Aber viel mehr noch als für den wahrhaftigen Gott vom Vater in Ewigkeit geboren, war für den wahrhaftigen Menschen von der Jungfrau Maria geboren, der Vorgang auf dem Thabor bedeutsam. Denn die Verklärung war seine Leidensweihe, eine Stärkung für den Dornenweg zum Kreuze, der vor ihm lag. Er selbst hatte von diesem Dornenwege zuvor mit seinen Jüngern geredet, und nun sprachen die Himmlischen mit ihm davon auf dem Berge: Mose und Elias redeten mit ihm von dem Ausgang, den er nehmen sollte zu Jerusalem. Dieser Ausgang war die Bluttaufe, mit der er sich taufen lassen sollte und wollte, damit eine ewige Erlösung für die sündige Menschheit erfunden würde, und vor der ihm doch nach seinem menschlichen Gefühle so bange war, bis daß sie vollendet würde. Es war ja nie ein Kampf so heiß, als der Kampf gegen Sünde, Tod und Teufel, den der Heiland um unsertwillen aufnahm. Es bangt dem Menschen die Strafe seiner Seele, einer Seele zu tragen; wie mußte dem Menschensohne bangen, die Strafen aller Seelen auf sich zu nehmen. Es kommt uns ein Grauen an vor dem Leid und Wehe, uns, die wir Sünder und darum auf Leiden angelegt und zu Leiden geboren sind; wie mußte der Eine, Reine, der ohne Sünde empfangen und geboren war und nie eine Sünde gedacht, geredet oder gethan und darum gar keine Anlage für das Leiden hatte, wie mußte Er, das Lamm Gottes unschuldig, vor dem namenlosen Leide, dem er um unsertwillen entgegenging, Bangigkeit fühlen. Darum war ihm nach seiner Menschheit Stärkung noth, und diese wird ihm auf dem Thabor zu Theil. Durch die Unterredung mit Mose und Elias ward er nach seinem menschlichen Denken und Empfinden gewisser, daß sein Leidenspfad in den Rathschluß Gottes eingeschlossen war; durch die Stimme des Vaters vom Himmel ward ihm bestätigt, daß Gott Wohlgefallen habe an dem Hingange des Sohnes am Kreuze. Und wie für ihn selbst, so war auch für seine Jünger die Verklärung ein Gegengewicht gegen das Aergerniß, das sie um des Kreuzes willen an seiner Person nehmen konnten. Wenn sie auch, ehe sie des heiligen Geistes voll wurden, weder die Nothwendigkeit, noch die Zweckmäßigkeit des hohenpriesterlichen Leidens Christi begriffen, so mußte doch, was sie auf dem Berge Thabor mit ihren Augen gesehn und mit ihren Ohren gehört hatten, sie in den Tagen des Kreuzes vor gänzlichem Mißglauben und Verzweiflung bewahren.
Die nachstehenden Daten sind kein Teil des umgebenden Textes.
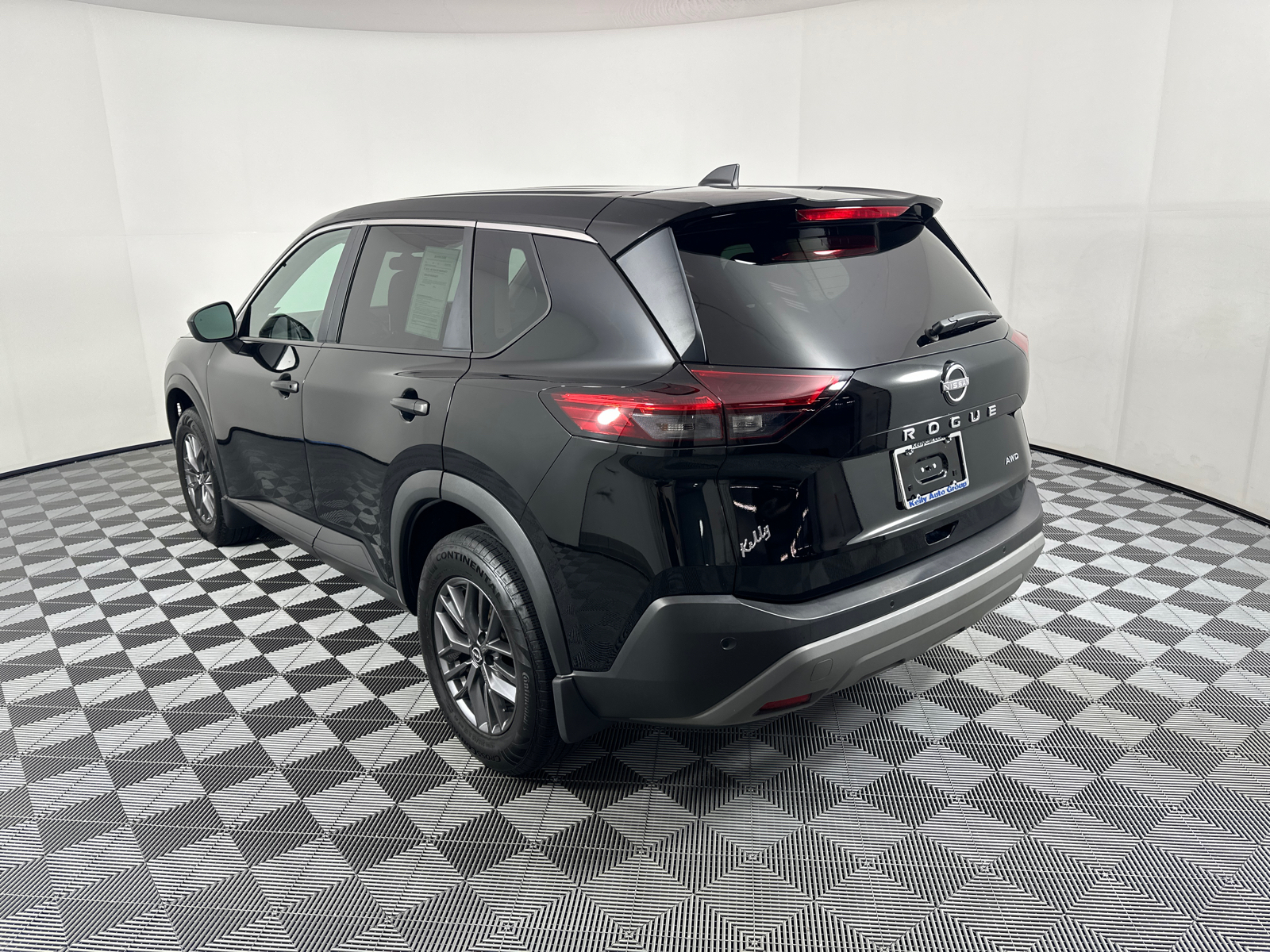 2022 Nissan Rogue S 5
Mit der Person Christi hängt auf’s Engste sein Werk, sein Erlösungswerk zusammen. Daher erhellt das Licht, das vom Thabor auf seine Person fällt, auch sein Werk. Wenn Mose und Elias auf dem Thabor mit dem Heilande reden von dem Ausgang, den er nehmen sollte zu Jerusalem, so leuchtet ein, daß die Erlösung, die der Herr durch seinen Sühnetod vollbringen wollte und vollbracht hat, das große Endziel war, worauf das Gesetz Mosis sowohl, als die Propheten hinwirkten und vorbereiteten, daß, was in Gethsemane und auf Golgatha geschah, geschehen ist, auf daß die Schrift erfüllet würde. Wenn Boten des Himmels, von denen der eine schon seit 1500 Jahren, der andre wenigstens seit 900 Jahren die Erde verlassen hatte, herniedersteigen, Jesum zu besuchen und mit ihm von seinem Leiden und Sterben zu reden, so ist zum Händegreifen klar, daß der Tod des Menschensohnes nichts Alltägliches und Gemeines ist, wie andrer Menschen Tod, sondern etwas Großes, Bedeutendes, Außerordentliches, den Himmel selbst in Bewegung Setzendes. Und wenn auf dem Thabor Himmel und Erde sich küssen und arme Erdbewohner Jesum schaun, umgeben von himmlischen Gestalten und leuchtend in himmlischem Glanze: so wird uns damit, wenn auch nur in einem flüchtigen, bald verschwindenden Vorspiele, der hohe Zweck des Leidens und Sterbens Christi vor die Augen gemalt, nämlich, daß Frieden gemacht würde durch das Blut an seinem Kreuz und die Erde himmlisch gemacht und die Kinder der Erde selig gemacht würden. Der Vorgang auf dem Thabor zeigt uns die letzten Ziele des Werkes Christi und ist eine Vorfeier der Versöhnung zwischen Himmel und Erde, hinweisend auf die Feier der Ewigkeit, wo die ganze Erde zu einer einzigen großen Thaborhöhe voll himmlischen Glanzes verklärt sein wird.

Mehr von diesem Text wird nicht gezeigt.